If there had been a president of Europe then, and Blair had been the occupant, he would not have been able to support the conflict and would probably have not been inclined to do so. His role would have been to speak for a divided EU and his calculations would have been totally different from those that drove him timidly into the arms of President Bush as a Labour prime minister fearful of losing the support of Middle England and Rupert Murdoch's newspapers.

The only relevant questions now are whether Blair has the qualifications for this particular post and, more parochially, whether his appointment would be beneficial to Britain. The answers are straightforward.

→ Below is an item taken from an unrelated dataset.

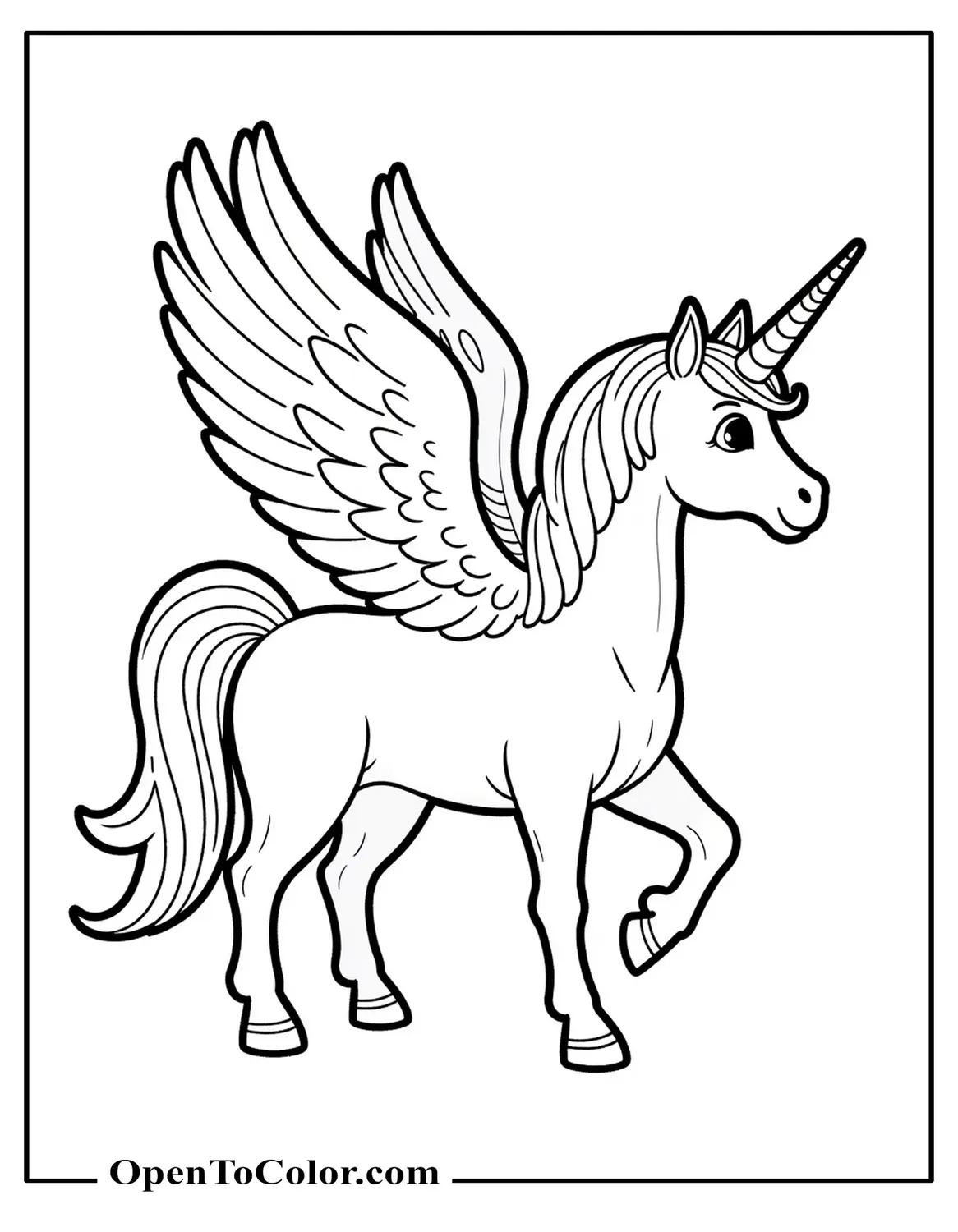 Realistic Unicorn With Large Wings Extended Coloring Sheet PDF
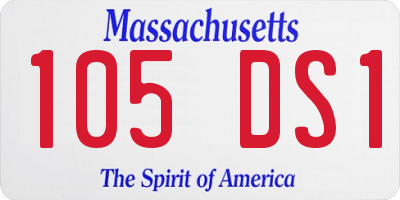 MA license plate 105DS1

As prime minister, Blair never tired of Europe even if his extreme pragmatism led him towards Washington. His stamina was unprecedented. Ted Heath might have shown the same tirelessness but had less than a year as prime minister when Britain was in Europe. Harold Wilson soon tired of Europe. Jim Callaghan was equivocal. Margaret Thatcher began as a supporter but famously turned. John Major was all over the place.

Blair was always up for the endless nocturnal summits and the negotiations that preceded them. He knew they were unavoidable and realised that the rewards were great in a world defined by big powers and not a maze of little ones. In Britain that amounts to a pro-European record of some significance even if the results were minimal.

As David Miliband has pointed out the closer parallel with Blair's prime ministerial record is not Iraq, but the Northern Ireland peace negotiations. If he takes the job Blair would be signing up to the equivalent of a permanent Northern Ireland peace negotiation, not the most glamorous job in the world and one in which fresh air will play little part.

Such a prospect highlights another myth about this saga. There is a widespread assumption that Gordon Brown is jealous that his old rival might become a president as he struggles to remain Prime Minister. Brown is worried about the political fallout of a Blair presidency as Euro-sceptics scream about the injustice. But he will not be tormented by the possibility that Blair has landed a dream job as he loses his.

For Brown the job would be a nightmare. When he was Chancellor he could barely last 10 minutes at a meeting of finance ministers. The idea of being in a never ending negotiation in Brussels would make him even more miserable than he is at the moment.

Instead David Cameron has cause for more concern. Stylistically Cameron plays the part of Blair, although not so well. He must be looking forward to prime ministerial press conferences where he makes the self-deprecating jokes and the photo calls at Chequers where he relaxes in jeans and an open necked shirt. Suddenly he faces the prospect of the original model returning in a high profile role and implicitly challenging him over the one policy area where the two of them have a fundamental disagreement: Europe.

Those in Britain who despair about the prospect of another Tory government battling it out over Europe and the signals it sends to other countries about the state of Britain should keep their fingers crossed that Blair secures the post. From the external perspective, evidently Europe cannot do better and could do a lot worse.

Blair is the obvious choice for president which means he probably does not have a chance.